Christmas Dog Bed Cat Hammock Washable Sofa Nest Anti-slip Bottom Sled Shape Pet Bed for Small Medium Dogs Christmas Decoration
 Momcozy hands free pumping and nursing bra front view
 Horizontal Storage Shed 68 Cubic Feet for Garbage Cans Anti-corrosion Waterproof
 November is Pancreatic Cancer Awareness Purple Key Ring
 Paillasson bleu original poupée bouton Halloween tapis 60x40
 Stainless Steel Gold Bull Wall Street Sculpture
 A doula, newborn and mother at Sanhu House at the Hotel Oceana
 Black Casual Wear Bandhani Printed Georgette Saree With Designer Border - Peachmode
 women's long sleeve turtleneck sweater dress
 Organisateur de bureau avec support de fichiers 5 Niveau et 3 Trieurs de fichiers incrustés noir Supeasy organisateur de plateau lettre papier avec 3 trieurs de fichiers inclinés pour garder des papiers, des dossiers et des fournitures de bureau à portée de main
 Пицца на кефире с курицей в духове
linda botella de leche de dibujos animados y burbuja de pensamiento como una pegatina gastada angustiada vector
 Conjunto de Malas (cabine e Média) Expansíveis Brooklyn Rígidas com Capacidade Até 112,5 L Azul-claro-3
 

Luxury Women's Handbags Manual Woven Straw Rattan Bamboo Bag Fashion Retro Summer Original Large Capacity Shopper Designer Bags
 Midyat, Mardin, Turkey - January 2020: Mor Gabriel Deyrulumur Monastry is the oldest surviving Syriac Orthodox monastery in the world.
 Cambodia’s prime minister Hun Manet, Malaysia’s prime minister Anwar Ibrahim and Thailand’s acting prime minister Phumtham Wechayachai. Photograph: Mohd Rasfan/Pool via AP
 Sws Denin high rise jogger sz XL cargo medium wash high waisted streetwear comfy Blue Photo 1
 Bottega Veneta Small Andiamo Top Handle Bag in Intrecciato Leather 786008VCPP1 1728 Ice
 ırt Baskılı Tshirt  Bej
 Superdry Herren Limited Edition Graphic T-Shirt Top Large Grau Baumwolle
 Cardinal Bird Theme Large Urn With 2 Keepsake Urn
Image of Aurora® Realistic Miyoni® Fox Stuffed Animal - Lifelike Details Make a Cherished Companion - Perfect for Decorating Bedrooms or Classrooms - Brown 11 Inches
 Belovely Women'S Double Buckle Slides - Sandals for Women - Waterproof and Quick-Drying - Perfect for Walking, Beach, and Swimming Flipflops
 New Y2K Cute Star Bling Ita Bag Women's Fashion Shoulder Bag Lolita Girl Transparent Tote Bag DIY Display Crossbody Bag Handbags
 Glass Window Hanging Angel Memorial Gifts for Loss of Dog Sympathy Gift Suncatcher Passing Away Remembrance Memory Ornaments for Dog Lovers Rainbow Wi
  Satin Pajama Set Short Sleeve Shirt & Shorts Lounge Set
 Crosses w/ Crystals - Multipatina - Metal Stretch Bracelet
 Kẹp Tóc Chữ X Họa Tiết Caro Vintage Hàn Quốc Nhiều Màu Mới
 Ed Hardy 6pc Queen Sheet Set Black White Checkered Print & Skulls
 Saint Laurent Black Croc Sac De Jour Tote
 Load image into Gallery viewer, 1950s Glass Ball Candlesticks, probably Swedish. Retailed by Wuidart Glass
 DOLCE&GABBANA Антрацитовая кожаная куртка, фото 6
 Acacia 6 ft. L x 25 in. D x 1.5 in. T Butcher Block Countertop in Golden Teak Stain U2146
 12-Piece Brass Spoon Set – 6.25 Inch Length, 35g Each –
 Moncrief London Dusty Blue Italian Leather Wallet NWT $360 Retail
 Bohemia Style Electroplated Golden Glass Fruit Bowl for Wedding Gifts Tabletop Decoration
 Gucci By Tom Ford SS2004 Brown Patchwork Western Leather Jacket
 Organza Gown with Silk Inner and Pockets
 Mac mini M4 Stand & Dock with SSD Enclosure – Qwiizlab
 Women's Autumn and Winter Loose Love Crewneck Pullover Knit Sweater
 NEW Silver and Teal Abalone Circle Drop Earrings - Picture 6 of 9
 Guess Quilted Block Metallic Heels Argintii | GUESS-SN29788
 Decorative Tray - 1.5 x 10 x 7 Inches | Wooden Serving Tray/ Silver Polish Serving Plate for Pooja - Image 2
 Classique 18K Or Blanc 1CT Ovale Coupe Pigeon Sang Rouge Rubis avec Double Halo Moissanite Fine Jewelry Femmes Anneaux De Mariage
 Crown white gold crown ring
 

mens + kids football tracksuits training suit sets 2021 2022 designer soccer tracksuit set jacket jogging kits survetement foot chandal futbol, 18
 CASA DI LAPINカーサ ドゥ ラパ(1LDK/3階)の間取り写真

########

> _The task_:
Would you copy, word for word, only the lines from the start of the listing to the one that contains "Пицца на кефире с курицей в духове", both included?

> _Solution for this task_:
Christmas Dog Bed Cat Hammock Washable Sofa Nest Anti-slip Bottom Sled Shape Pet Bed for Small Medium Dogs Christmas Decoration
 Momcozy hands free pumping and nursing bra front view
 Horizontal Storage Shed 68 Cubic Feet for Garbage Cans Anti-corrosion Waterproof
 November is Pancreatic Cancer Awareness Purple Key Ring
 Paillasson bleu original poupée bouton Halloween tapis 60x40
 Stainless Steel Gold Bull Wall Street Sculpture
 A doula, newborn and mother at Sanhu House at the Hotel Oceana
 Black Casual Wear Bandhani Printed Georgette Saree With Designer Border - Peachmode
 women's long sleeve turtleneck sweater dress
 Organisateur de bureau avec support de fichiers 5 Niveau et 3 Trieurs de fichiers incrustés noir Supeasy organisateur de plateau lettre papier avec 3 trieurs de fichiers inclinés pour garder des papiers, des dossiers et des fournitures de bureau à portée de main
 Пицца на кефире с курицей в духове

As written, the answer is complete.